Posted by Jason Polak on 30. January 2018 · Write a comment · Categories: number-theory · Tags: ,
A real number is simply normal in base $b$ if the frequency of each base $b$ digit in the first $n$ digits tends to a limit as $n$ goes to infinity, and each of these limits is the same.

In other words, a real number is simply normal in base $b$ if each digit appears with equal frequency. It may not be the case of course that the frequency is well-defined: as you keep computing more and more decimal digits of a number, the frequency of any given digit could keep oscillating.

A real number is normal in base $b$ if the frequency of each length $k$ string of numbers exists and is equal to $1/b^k$.

A rational number can be simply normal in some base. For example, 0.12345678901234567890…. is simply normal in base ten. Rational numbers can’t be normal, since their decimals repeat. Irrational numbers can be normal, and in fact almost every number is normal in the sense of the Lebesgue measure. Champernowne proved that the number

0.123456789101121314…

is normal to every base. Mathematicians believe that $e$ and $\pi$ are normal but no one has ever proved it, or found a proof that they are not normal. It’s tempting to look at some numerical evidence. For example, here are the frequencies of the digits in the first 301029 decimal digits of $e$:

 0 30057 1 30283 2 29785 3 30316 4 30206 5 30044 6 30375 7 30065 8 30055 9 29843

Counting these took about 2.4 seconds. Looks like the digit ‘6’ occurs the most often, whereas ‘2’ occurs the least often. Is this about what we’d expect? Here’s the result of a $\chi^2$-test for goodness of fit, the null hypothesis being that the probability of each digit is the same:

X-squared = 11.309, df = 9, p-value = 0.2551

Looks like there’s no reason to be alarmed. Of course, since the normality and simple normality of a number depends only on the “tail” of its expansion, just testing a finite number of digits can be misleading. The rational number defined by the first 301029 digits of $e$ is not normal or simply normal.

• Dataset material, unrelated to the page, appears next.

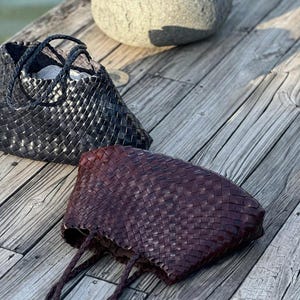 May include: Two woven tote bags, one in black and one in dark brown, featuring a consistent basket-weave pattern throughout the body and matching braided handles. The bags have an open top design and a structured, rectangular base shape.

The frequencies for all two digit combinations starts off like this:

 00 2957 01 3035 02 3040 03 2978

You probably don’t want to look at the other 96 frequencies. But a $\chi^2$-test reveals the following:

X-squared = 108.06, df = 99, p-value = 0.2506

Although this is rather convincing that $e$ is normal, none of this proves anything. If it is, you’d expect 12345 to occur about three times in the first 301029 digits. In fact it does, the first time starting at the 166412th digit. The sequence 99999 only occurs once, starting at the 290471st digit. Even though the odds are against it, the starting six digit sequence 271828 actually does occur once, at the 252474th digit. Maybe that will help you memorise $e$?